All my ADA stolen from Daedalus!

I applaud you for taking the extra work in making your wallet more secure, but a VM is not going to help you much, if at all.

Why? Online keys are exposed to hackers. See Qubes-os for how difficult it is to operate a secure VM environment.

The best way right now is to create a paper wallet certificate, with the following caveats:

  1. When saving the pdf file for printing and verifying do NOT save or view on Daedalus computer, instead save to a removable flash drive, which is promptly ejected from the computer. Take that flash drive to an air-gapped (not connected to any network ever) computer, enabling viewing and verifying of the paper certificate offline. I use Raspberry-pi computers for air-gapped work, they never go online and are low cost.
  2. Write the additional 9 words down on a piece of paper.
  3. If on windows, when typing in the 27 words to verify your certificate use a virtual keyboard like Oxynger KeyShield.

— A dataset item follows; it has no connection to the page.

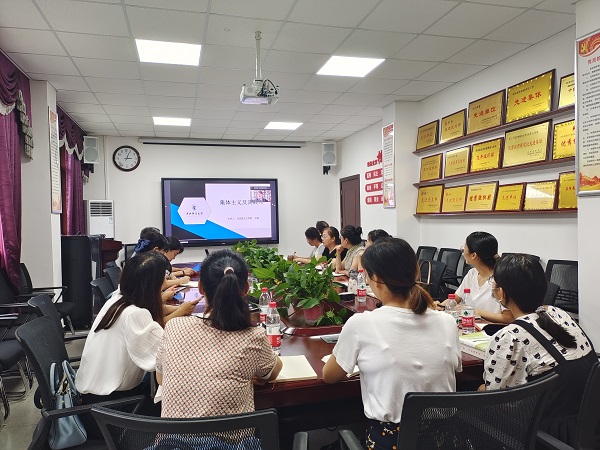 中央财经大学3044am永利集团3044noc文雅副教授作报告.jpg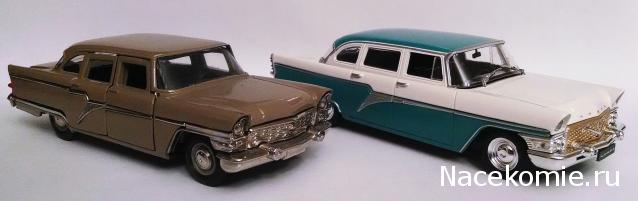 Автолегенды СССР и Соцстран №203 ГАЗ-13 "Чайка" Э-2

The trick when only using a virtual keyboard is doubling the last letters, then delete one, Daedalus will then expose the appropriate word choice, which is clicked, advancing to next recovery word.

Like so, click on the revealed word:

After every word, change the virtual keyboard layout (overkill but I do this):

Some of the security features it offers:

I’m targeting the most likely attack vectors, grabbing the pdf certificate and logging keystrokes.

By not viewing or saving the paper certificate on an internet machine, the pdf is safe, by the way, scrub that flash drive so no one can recover your certificate. As Daedalus requires us to input the 27-word paper wallet recovery phrase, using a virtual keyboard thwarts key, mouse and screen capture loggers.